▼▼▼
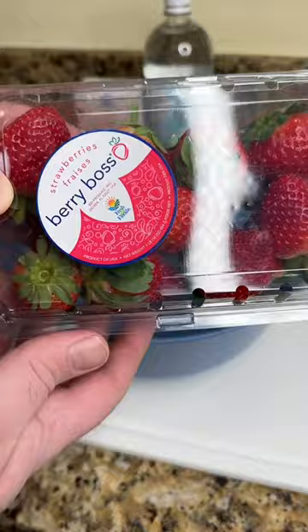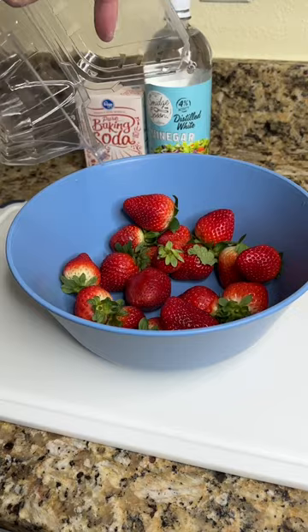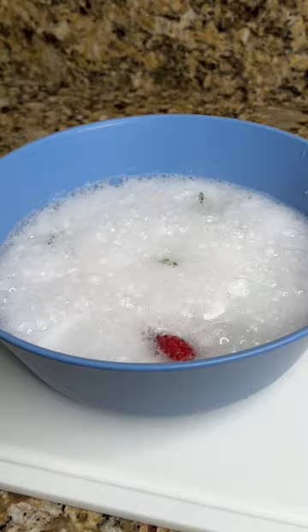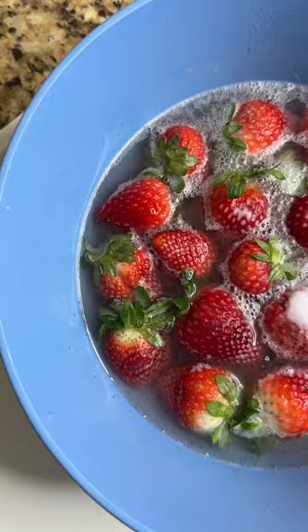Alright, so we have a brand new container of strawberries and they're going in. Next up, our vinegar and our baking soda to cause the reaction with the vinegar. Oh, there it goes. And our reaction is complete.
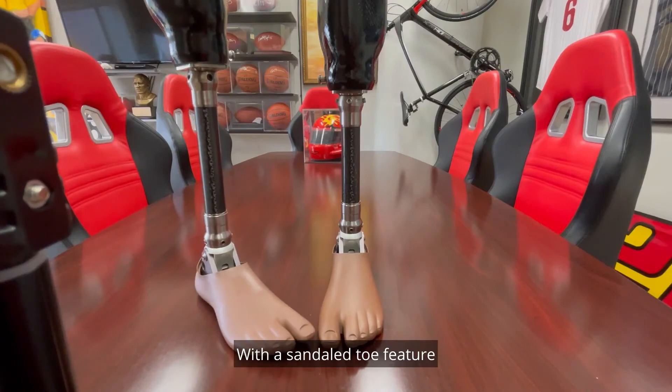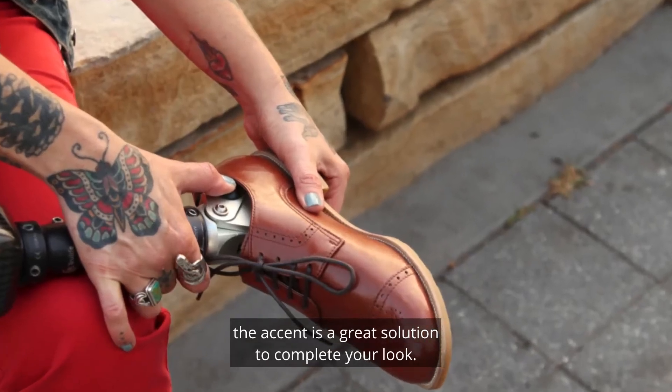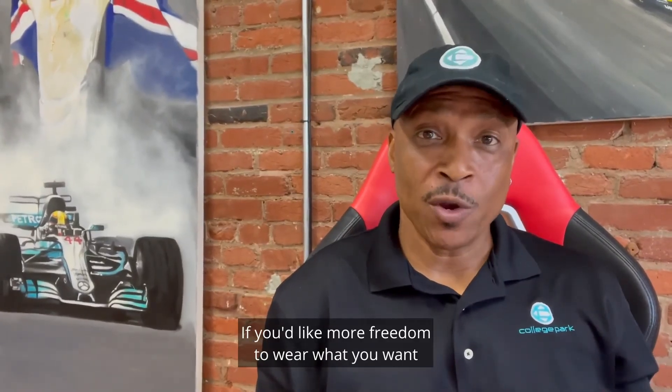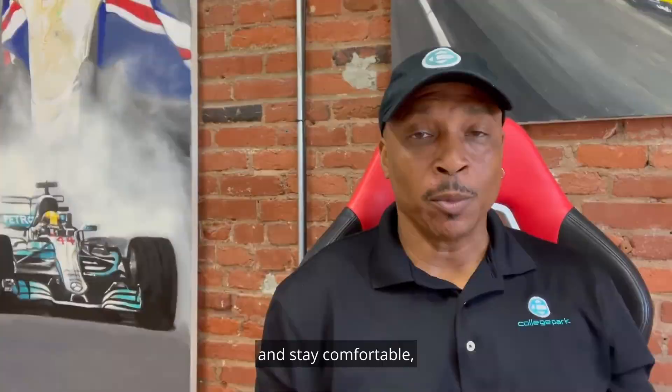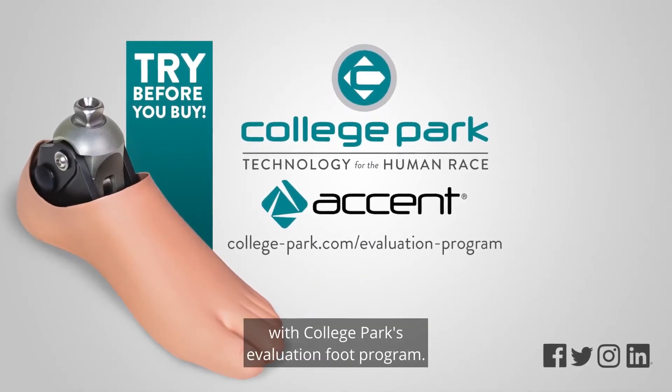With a sandal toe feature and soft contoured ankle fairing, the Accent is a great solution to complete your look. If you'd like more freedom to wear what you want, when you want, and stay comfortable, you can try the Accent risk-free with College Park's Evaluation Foot Program. We'll see you next time.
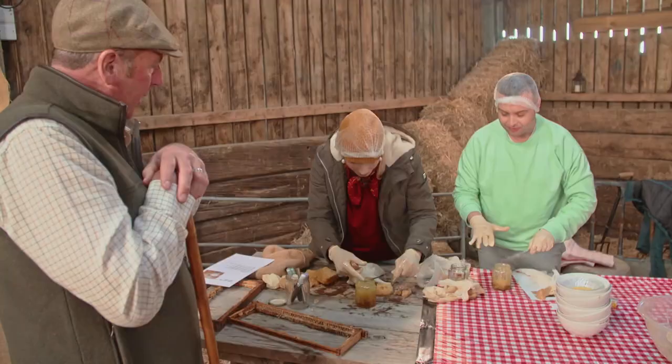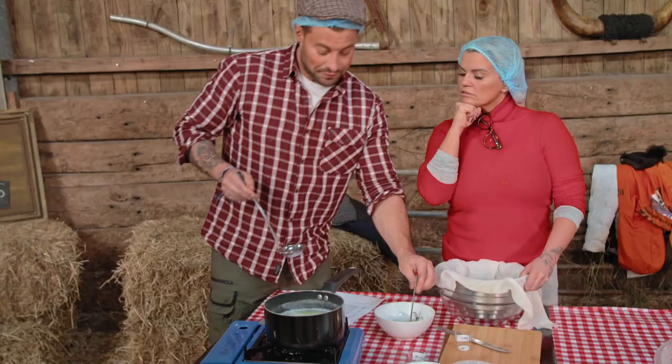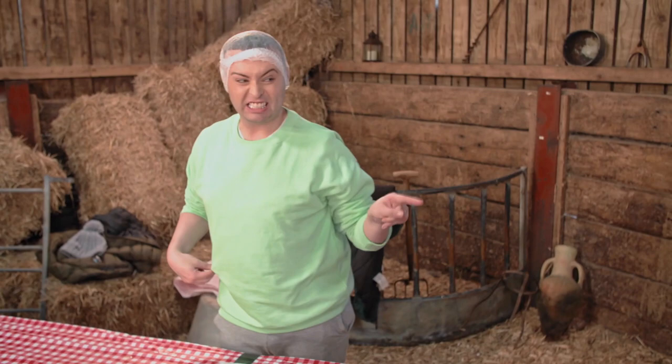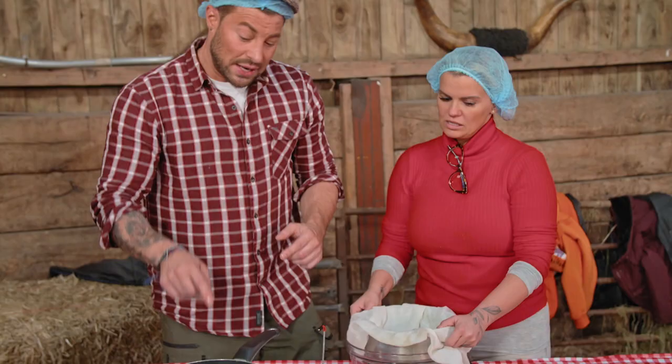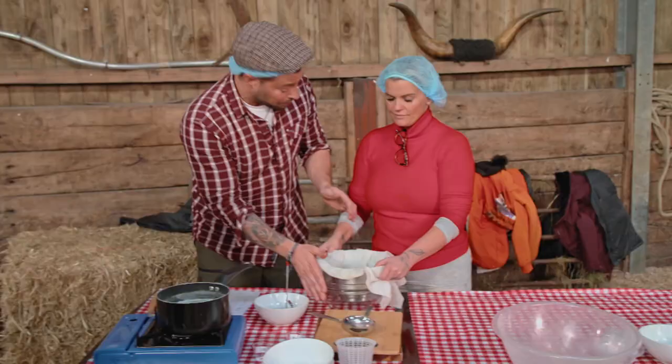Your technique has improved from the last time I was here. Thank you. So we need to ladle all of this into here. All the water's going to go into the bowl, and what's going to be left is the cheese. I'm going to slowly ladle it out.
▲▲▲
Every line of the listing above is to be retyped exactly, but the pictures are to be dropped.

Alright, so we have a brand new container of strawberries and they're going in. Next up, our vinegar and our baking soda to cause the reaction with the vinegar. Oh, there it goes. And our reaction is complete.
With a sandal toe feature and soft contoured ankle fairing, the Accent is a great solution to complete your look. If you'd like more freedom to wear what you want, when you want, and stay comfortable, you can try the Accent risk-free with College Park's Evaluation Foot Program. We'll see you next time.
Your technique has improved from the last time I was here. Thank you. So we need to ladle all of this into here. All the water's going to go into the bowl, and what's going to be left is the cheese. I'm going to slowly ladle it out.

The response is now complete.